7.3 Adaptive Sharding

For most videos, N=1 is sufficient. For “Gangnam Style”, we need N=1000.

Heuristic: Start with N=10. Monitor Redis CPU. If CPU > 50% on the node holding the key, increase N.
Discovery: How does the reader know N? Store metadata: video:123:meta → {shards: 50}.

8. Data Partitioning & Sharding

What if we have a Multi-Region setup (US, EU, ASIA)? If we simply replicate Redis, we get write conflicts.

CRDT (Conflict-free Replicated Data Type):

G-Counter (Grow-Only Counter): A distributed counter that only increments.
Logic: Each region maintains its own counter array. Merge(A, B) = Max(A[i], B[i]) (if using vectors) or simply Sum(All Regions) if using disjoint sets.
Redis Implementation: Redis Enterprise offers CRDT support natively for active-active replication.

9. Reliability, Caching, & Load Balancing

9.1 Handling “Approximate” Counting

For things like “Unique Views”, we don’t need an exact count. Storing 1 Billion IP addresses takes ~4GB.

HyperLogLog (HLL): A probabilistic data structure that estimates cardinality with 0.81% error using only ~12KB of memory.
Use Case: “1.2M Views” (Exact number doesn’t matter).
Redis Support: PFADD and PFCOUNT commands.

9.2 Thundering Herd

If a cache key expires, thousands of readers hit the DB.

Solution: Probabilistic Early Expiration. If a key expires in 10s, and we are at 9s, flip a coin. If heads, recompute the value early.

10. Interactive Decision Visualizer: Single Lock vs Sharded

Experience the difference between a single contended counter and a sharded approach.

Single Lock: Requests must wait in line. High latency.
Sharded: Requests are processed in parallel. High throughput.

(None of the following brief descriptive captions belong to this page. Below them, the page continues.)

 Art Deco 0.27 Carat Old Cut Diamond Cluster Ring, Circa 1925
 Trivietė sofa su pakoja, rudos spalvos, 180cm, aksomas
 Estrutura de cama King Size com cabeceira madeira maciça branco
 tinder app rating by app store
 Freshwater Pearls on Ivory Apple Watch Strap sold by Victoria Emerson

Counter Architecture Simulator

Simulate 1,000 concurrent "Like" requests

Time Elapsed

0.0s

Processed

0 / 1000

Database/Cache Node(s) Activity

Select a mode to start simulation

11. System Walkthrough

Let’s trace a “Like” request from a user in New York.

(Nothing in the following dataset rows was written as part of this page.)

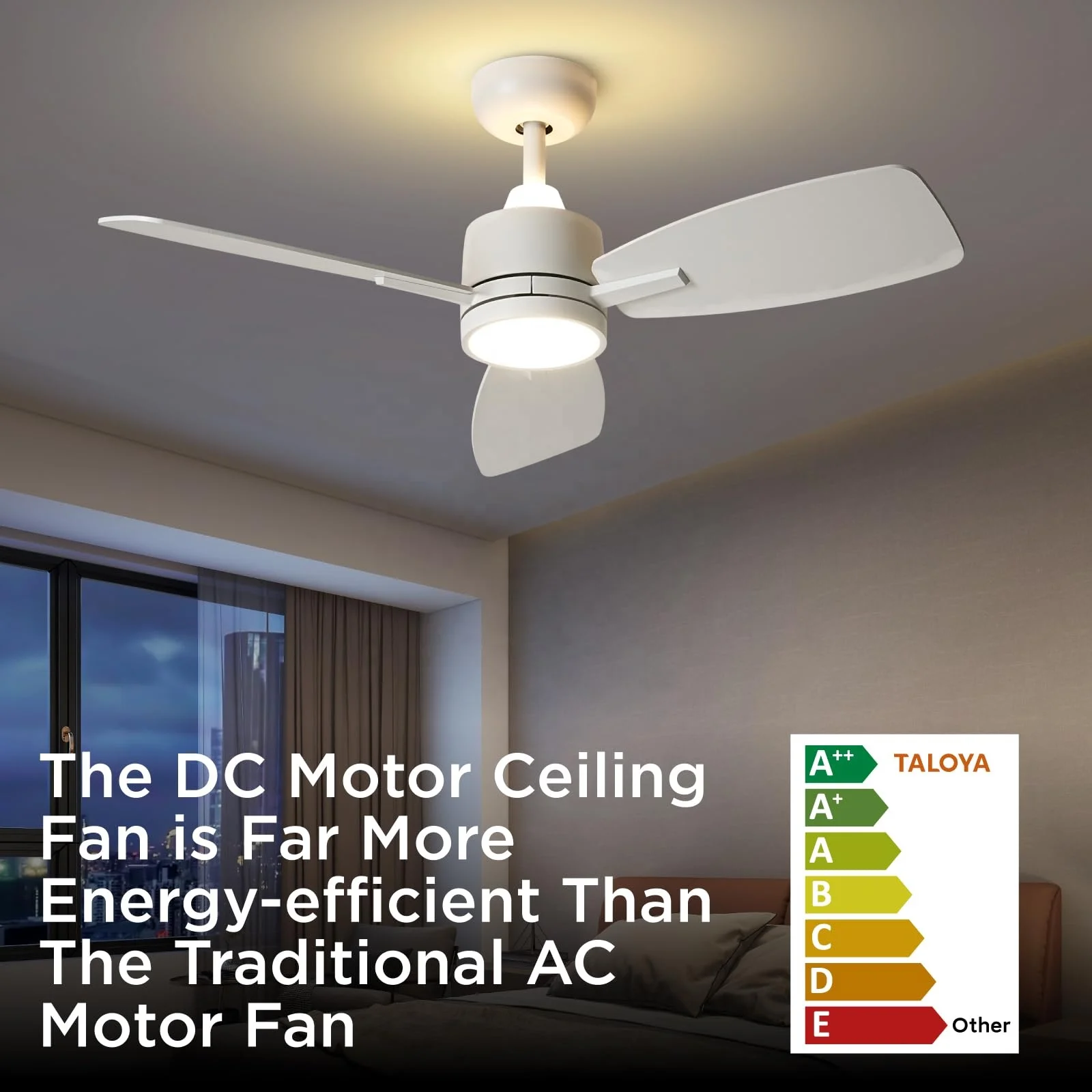 48 Inch 5 Blades Dc Motor Led Fandelier Fan Remote Dimmable Ceiling Fans Lighting Fixtures Modern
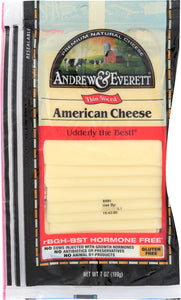 ANDREW & EVERETT: Cheese White American Sliced, 7 oz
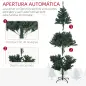 Árbol de Navidad Artificial de 1,5m 472 Ramas con 100 Luces LED y 80 Decoraciones Incluidas Ø91x150 cm Verde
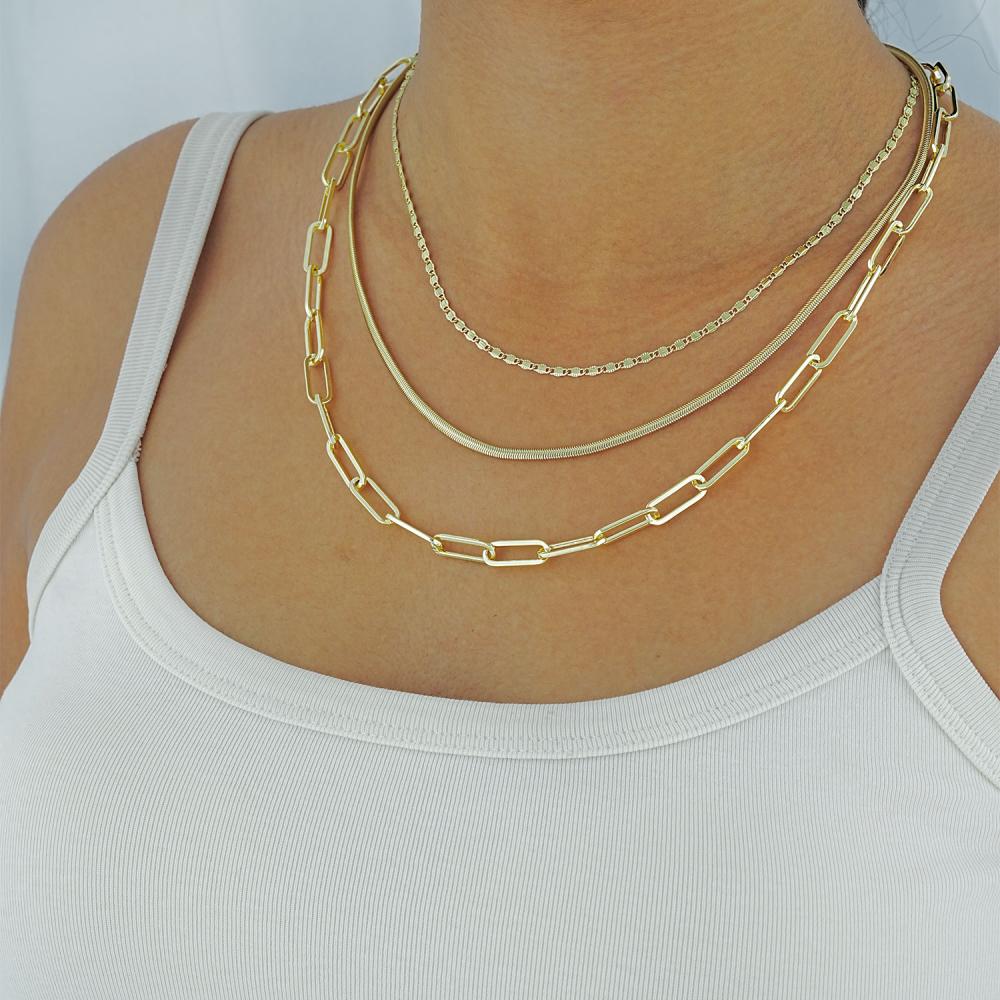 Maral 14 ayar altın rengi kalın ataç kolye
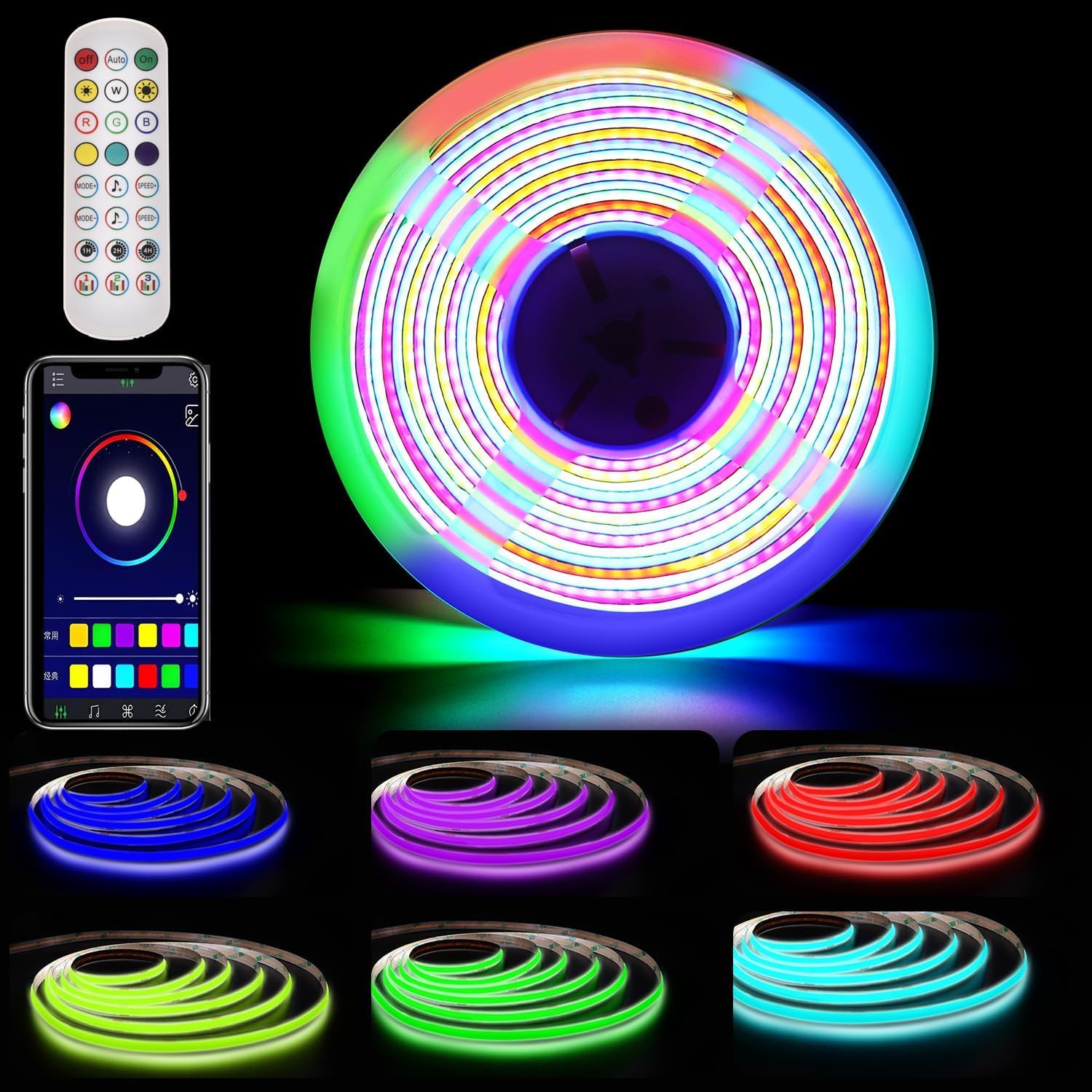 Tira LED COB RGB + IC de 10 m WS2811 24 V Direccionable Cambio de color - Sincronización de música - Con aplicación y mando a distancia - Para el hogar, fiestas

Scenario: User A likes Video V123

User Action: User A clicks “Like”. Client sends POST /likes.

  { "videoId": "v123", "userId": "u456", "timestamp": 1698765432 }

API Gateway: Validates Auth Token. Routes to API Cluster.
Sharding Logic:
- API computes: shard_id = hash(v123) % 100 = 42.
- Target Key: video:v123:42.
Redis Write (Hot Path):
- API executes INCR video:v123:42.
- Response: 105 (Current shard count).
- Total Latency so far: 15ms.

Event Queue (Async Path):

API pushes message to Kafka Topic likes-events.

  { "event": "LIKE", "video": "v123", "user": "u456", "shard": 42 }

Persistence:
- Worker pulls batch of 100 events.
- Executes SQL Batch Insert: INSERT INTO likes (user_id, video_id) VALUES ....

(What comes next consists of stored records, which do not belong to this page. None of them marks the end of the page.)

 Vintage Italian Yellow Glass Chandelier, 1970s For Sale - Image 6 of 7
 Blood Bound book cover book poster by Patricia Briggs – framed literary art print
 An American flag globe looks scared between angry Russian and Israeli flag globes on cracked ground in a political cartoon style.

12. Low-Level Optimizations

12.1 Redis Pipelining vs Lua

Pipelining: We use MGET to read 100 shards in 1 Round Trip Time (RTT). Without pipelining, reading 100 keys would take 100 RTTs (e.g., 50ms vs 5000ms).

Lua Scripting: Used for Atomic “Check and Set”. E.g., “Only increment if user hasn’t liked yet”.

  if redis.call("SISMEMBER", KEYS[2], ARGV[1]) == 0 then
redis.call("INCR", KEYS[1])
redis.call("SADD", KEYS[2], ARGV[1])
return 1
  else
return 0
  end

12.2 HyperLogLog Internals

HLL works by hashing the input (UserID) and counting the leading zeros in the binary representation.
If we see a hash with 10 leading zeros, it’s likely we’ve seen ~2^10 distinct items.
We use 16,384 registers (buckets) to average out the variance.

13. Interview Gauntlet

Q1: How do you handle “Unlikes”?

Answer: Send a decrement event (-1). In the sharded counter, we just DECR the random shard. In SQL, we DELETE the row.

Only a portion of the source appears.